Un beau matin, un jeune Américain se promène en forêt avec ses copains. Il est youtubeur, il porte un bonnet Toy Story et il s’appelle Logan Paul. Soudain, il tombe sur un Japonais raide mort.
Nom d’un piège à clics. Un suicidé, là, à ses pieds. Quelle coïncidence, alors qu’il se trouve dans la célèbre «suicide forest», au Japon. Que faire? Rire et filmer le cadavre, bien sûr.
La vidéo a été publiée le 2 janvier par ce vidéaste aux 15 millions d’abonnés et aux multimillions de dollars, bref, un demi-dieu sur la planète YouTube. Et si ce «vlog» suscite actuellement une indignation mondiale, dépassant l’habituel public adepte de cette plateforme, c’est parce qu’elle est à gerber… et pourtant, si banale.
À gerber, car rien n’excuse le comportement de Logan Paul. Le fait qu’il ait finalement prévenu la police de sa découverte, qu’il ait publié une vidéo d’excuse… Tout cela n’est que pure hypocrisie à partir du moment où il a choisi de publier cette vidéo.
Une vidéo où un suicide est tourné en dérision («Yo, t’es vivant?», «Est-ce que tu es parmi nous?»). Une vidéo vue par des millions d’enfants. Une vidéo totalement irrespectueuse pour la famille du défunt.

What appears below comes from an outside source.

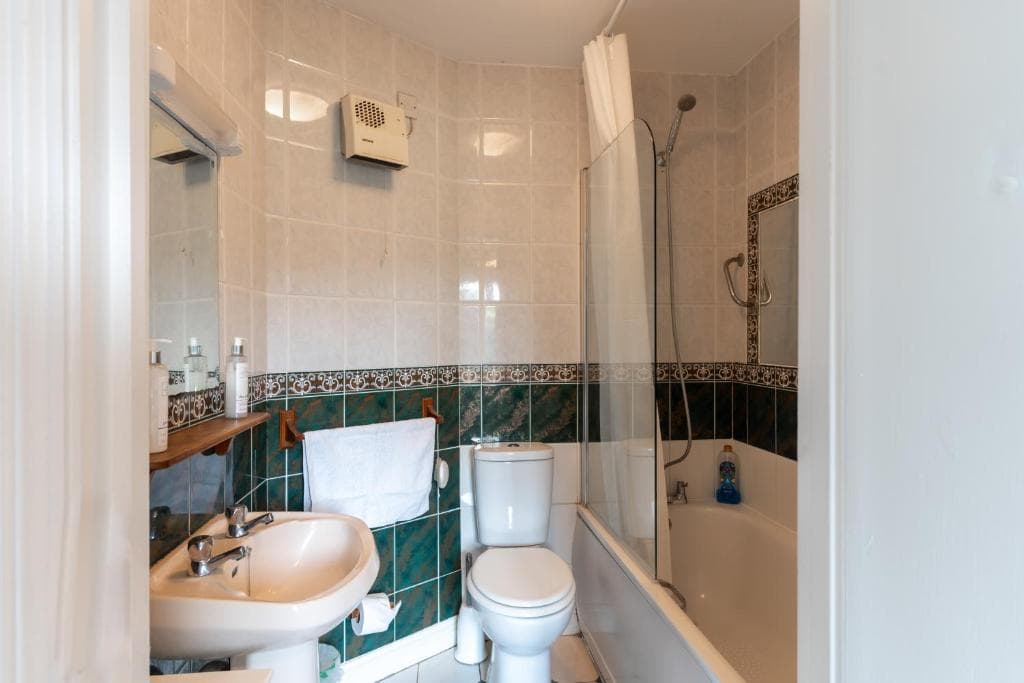 En suite bathroom with walk-in shower at Tully's Home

Mais cette vidéo est aussi banale. Partout dans le monde, des milliers de youtubeurs font chaque jour comme cet Américain. Pendant que la vieille télévision crève de sa course à l’audimat, sur YouTube, c’est la course aux vues, aux likes et aux abonnements, car synonymes de «YouTubeDollars».
Sans faire injure aux nombreux talents qui remontent le niveau avec des vidéos de qualité, et qui font de YouTube une véritable corne d’abondance artistique, il faut bien admettre que la plupart des «influenceurs» ont acquis la célébrité avec les mêmes ficelles que la TV poubelle : médiocrité, vulgarité, voyeurisme…
Mais avec la différence notable que YouTube est un far west où le shérif est le public lui-même. Et quand le public veut du sang, YouTube le lui donne, pratiquement sans modération. La vidéo de Logan Paul a pu être publiée telle quelle, et elle lui a fait gagner plus de 100 000 abonnés. Longue vie au bad buzz.